Qual é a melhor aposta? Excluída a possibilidade de “não acreditar que Deus existe, nem que não existe”, a confortável posição agnóstica, é melhor apostar na existência de Deus (a aposta 1). Não há dúvida que é a mais vantajosa das quatro alternativas dadas por Pascal. O ganho é infinito e a perda negligenciável, caso esteja errada. Entre ganhar o infinito ou perder o infinito, torna-se irrelevante ganhar ou perder ninharias. Mas, é evidente que a posição pascalina tem senões: quem pode garantir que acreditar na Divindade sem provas, exceto para um crente, seria uma boa e não sem consequências?
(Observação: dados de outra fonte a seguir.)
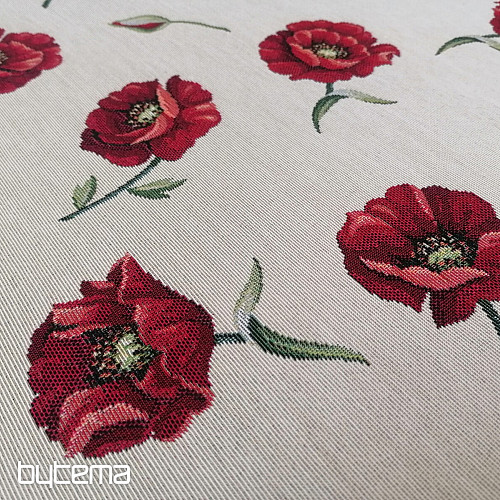 Tissu à tapisserie LOUP COQUELICOT
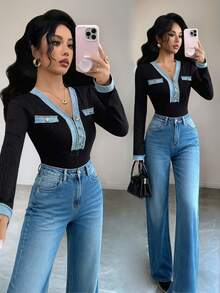 Rafferiza 女士黑色牛仔蕾丝拼接V领性感长袖T恤 - 黑色 - 查看 1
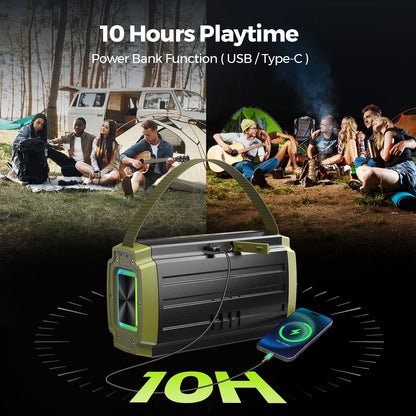 Bluetooth Speaker, 80W, Subwoofer, RGB Lights, 10H Playtime, IPX6 Waterproof Portable Wireless Speaker with Handle for Outdoors, Camping, Beach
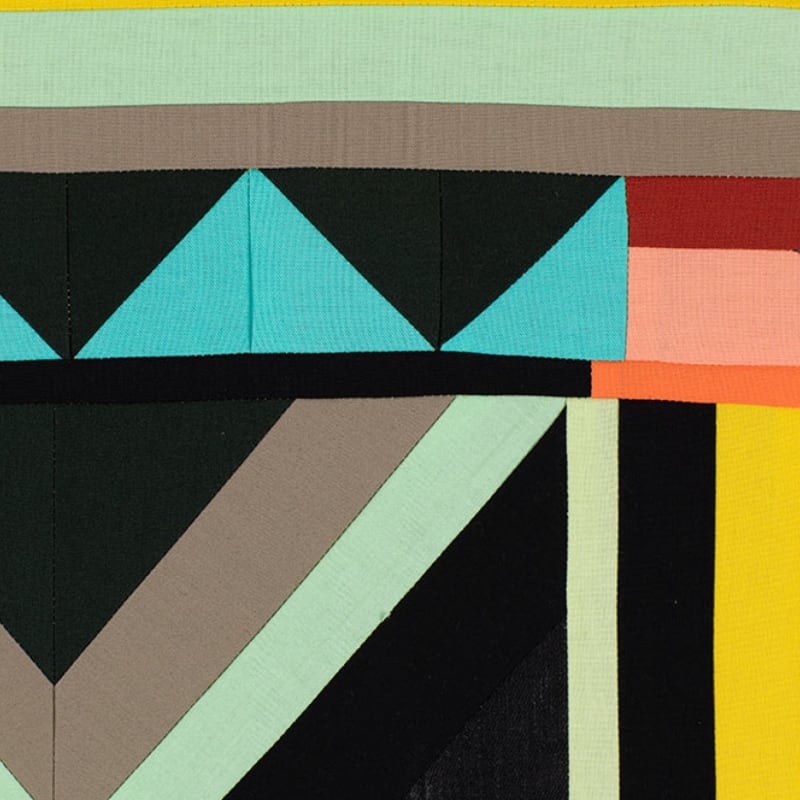 Detail, Paolo Arao, Ain't the Same, 2020, sewn cotton, denim, and canvas, 20 x 16 in. (50.8 x 40.6 cm)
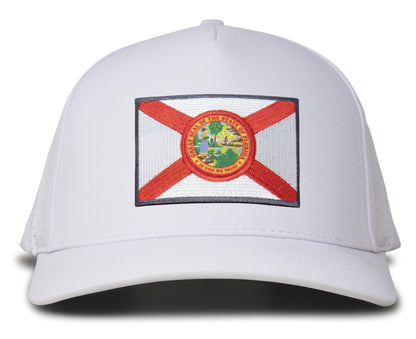 Performance Golf Hat – Adjustable Snapback Trucker Baseball Cap for Men & Women - Jetset Series (Florida, Arctic White)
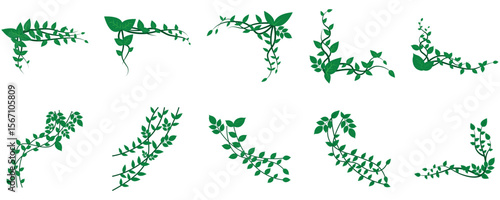 Set of tree root corner with dense green leaves, green leaf branch border vector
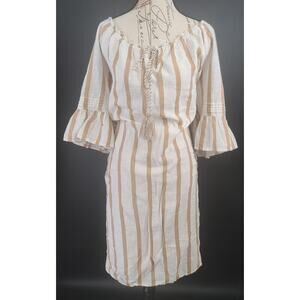 Mlle Gabrielle ladies peasant sundress white Size 3x nautical beachy vibes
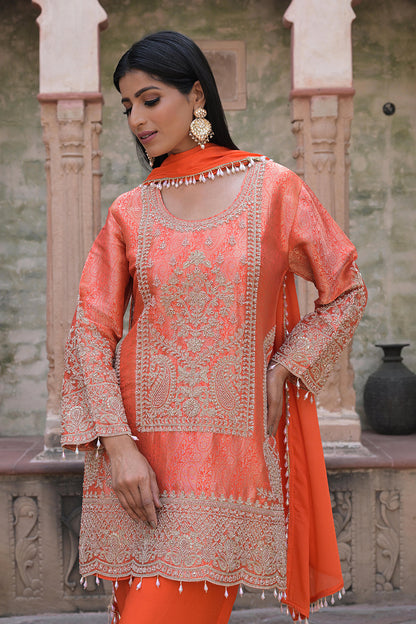 Orange Brocade Kurti Pant Set Designer Indian Ethnic Wear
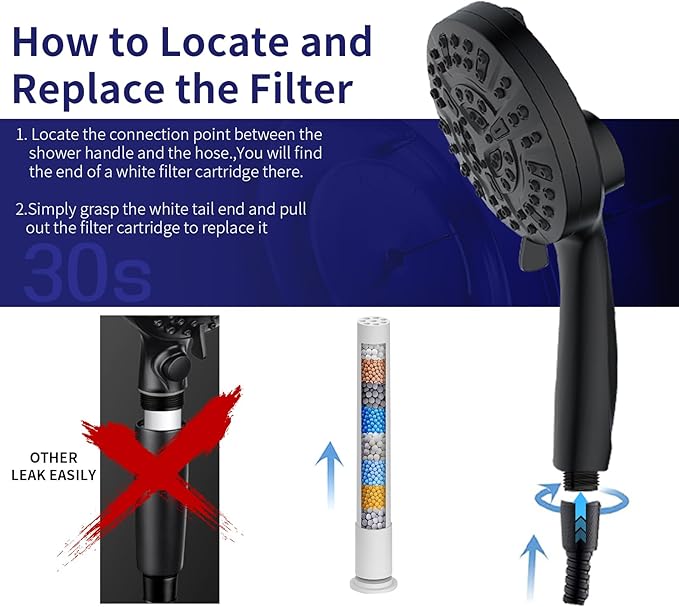 Filtered Shower Head with Handheld, Magnetic Adjustable, Matte black | High Pressure 9 Spray Modes, Hard Water Softener 10-Stage Filtration, Anti-Clog Nozzles, 60-Inch Long Hose
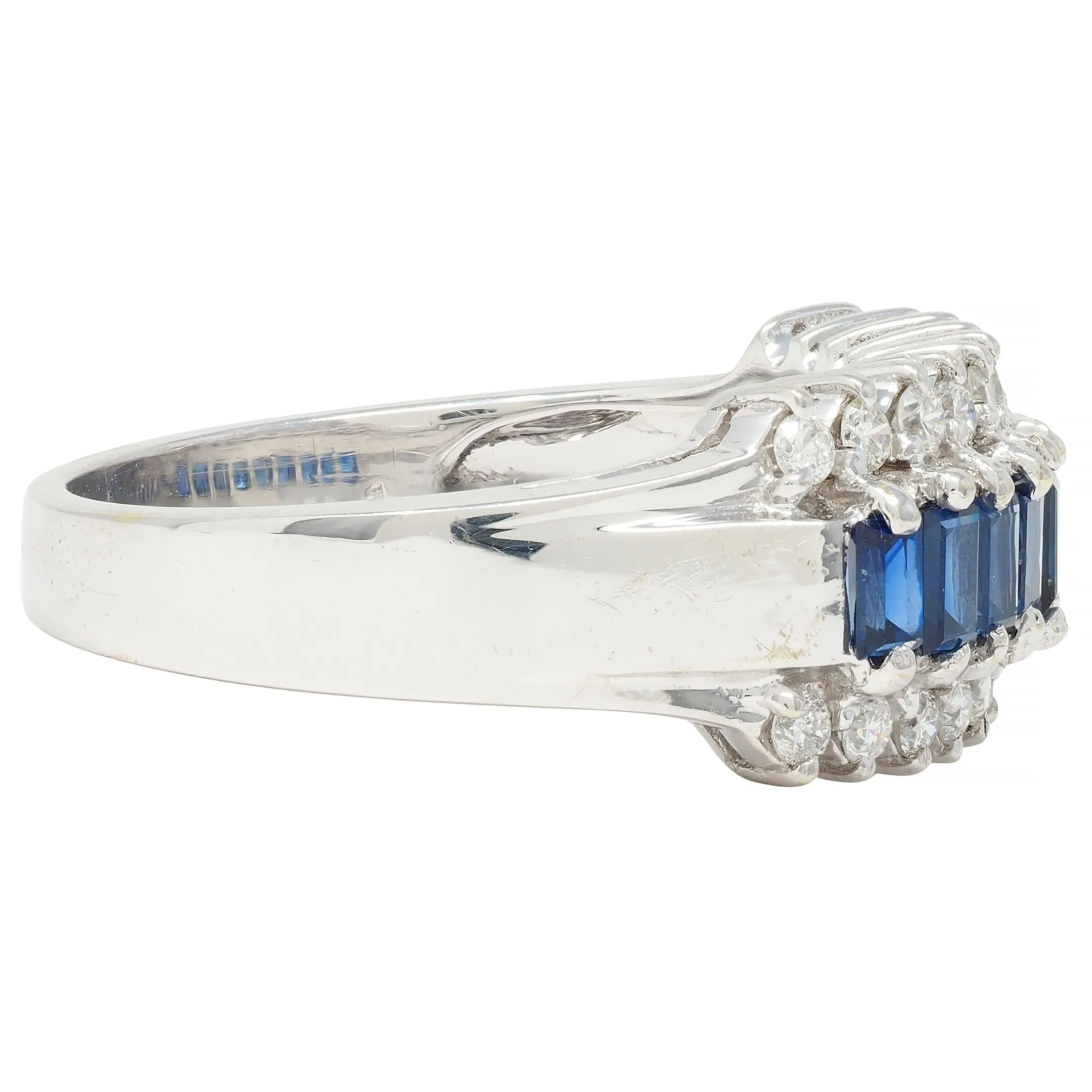 Contemporary 1.59 CTW Sapphire Diamond 18 Karat White Gold Wide Band Ring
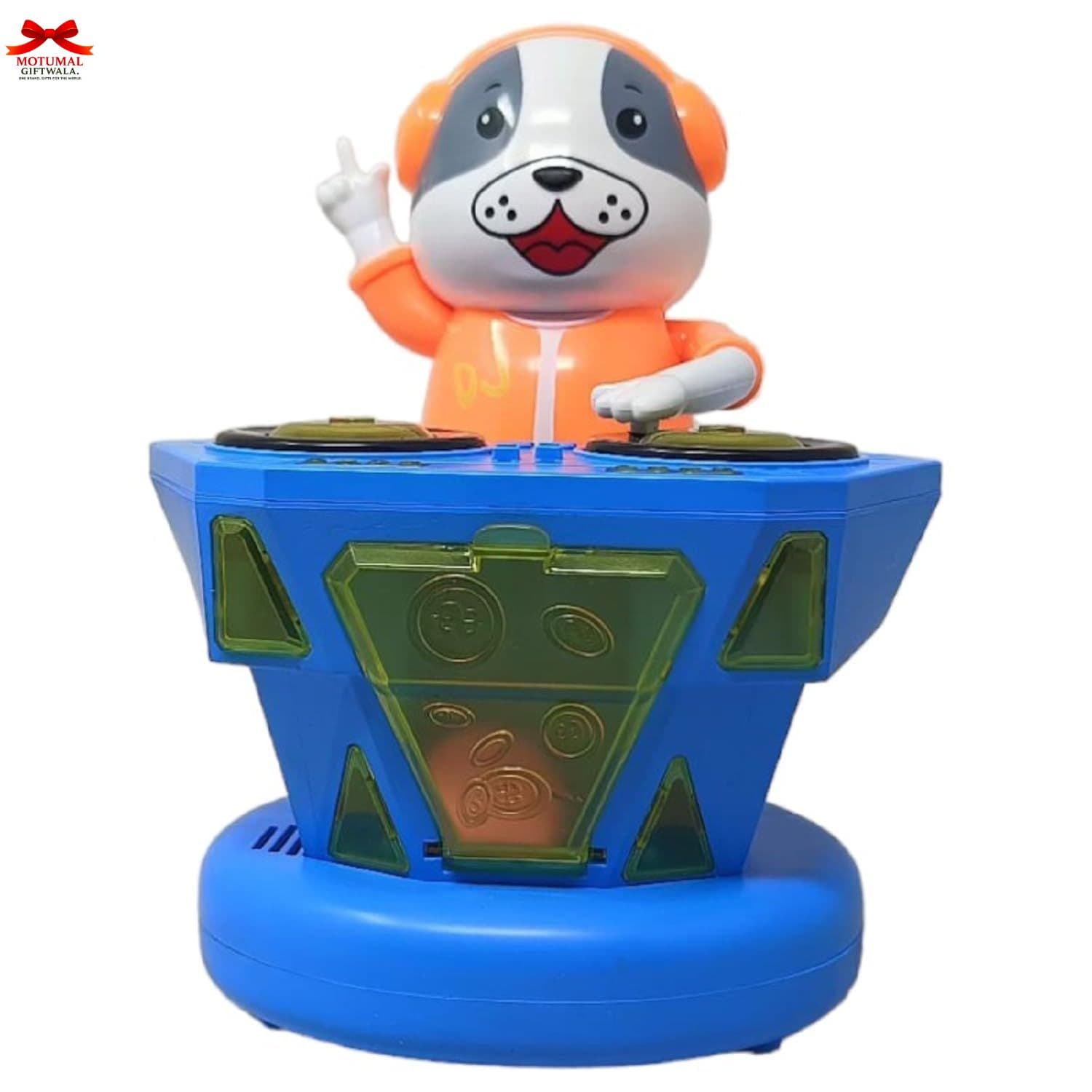 Toy dog figure on a blue platform with a white background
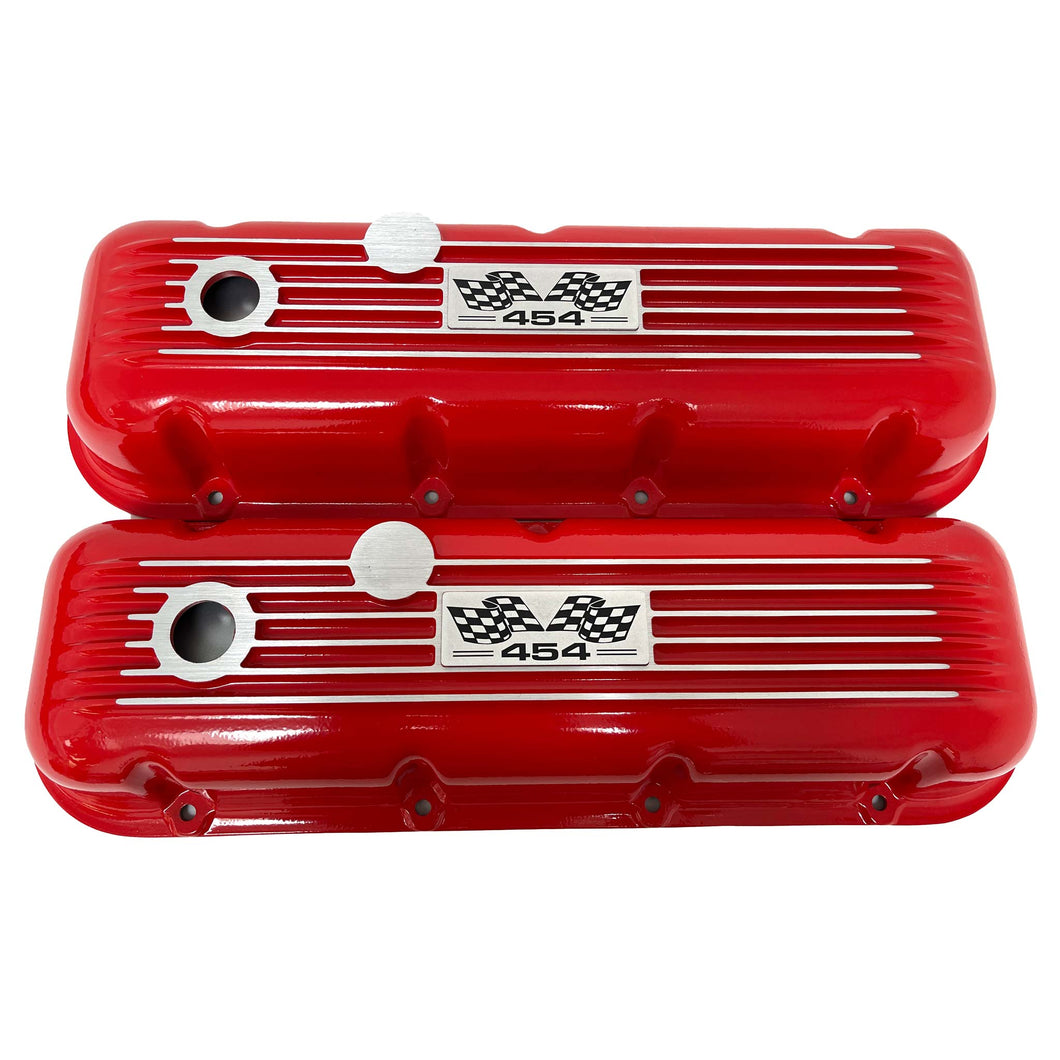 Big Block Chevy 454 Flag Logo, Classic Finned Valve Covers - Red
Talvez buscar evidências que o crente vive melhor do que o não crente pareça mais adequado.
Mas, nem Pascal e seus pensamentos e nem acreditar ou não acreditar em Deus são preocupações do colunista por ora (Deus é tratado com mais conhecimento de causa pelo vizinho dessa página). O alvo é outro: mudança do clima global. Qual a melhor aposta? Insistir no negacionismo explícito ou aceitar como fato e fazer alguma coisa? A estrutura da aposta de Pascal se prestaria para esse tipo de análise?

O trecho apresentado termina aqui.